▸ **Try it**
Take the lines below beginning at the line that has "ReDeal Blackjack" and stopping after the line that has "Shampoo 5Salon No", and print them exactly as they are, with no other lines.

▸ **Input data**
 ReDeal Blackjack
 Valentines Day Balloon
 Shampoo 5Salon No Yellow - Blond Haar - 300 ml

* * *

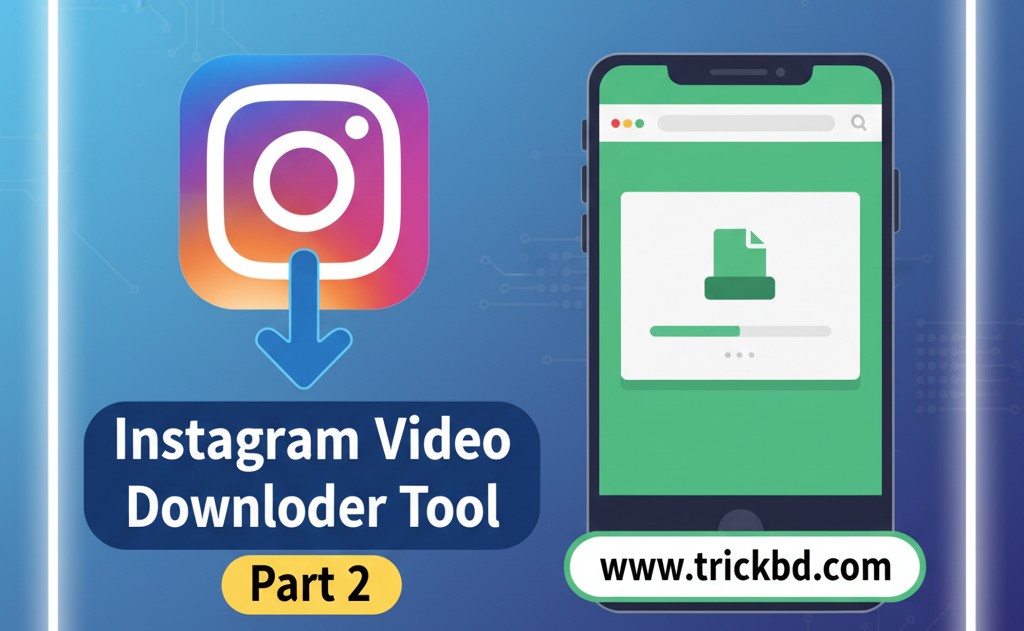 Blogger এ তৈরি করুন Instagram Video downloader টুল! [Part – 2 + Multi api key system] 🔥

▸ **Solved problem**
 ReDeal Blackjack
 Valentines Day Balloon
 Shampoo 5Salon No Yellow - Blond Haar - 300 ml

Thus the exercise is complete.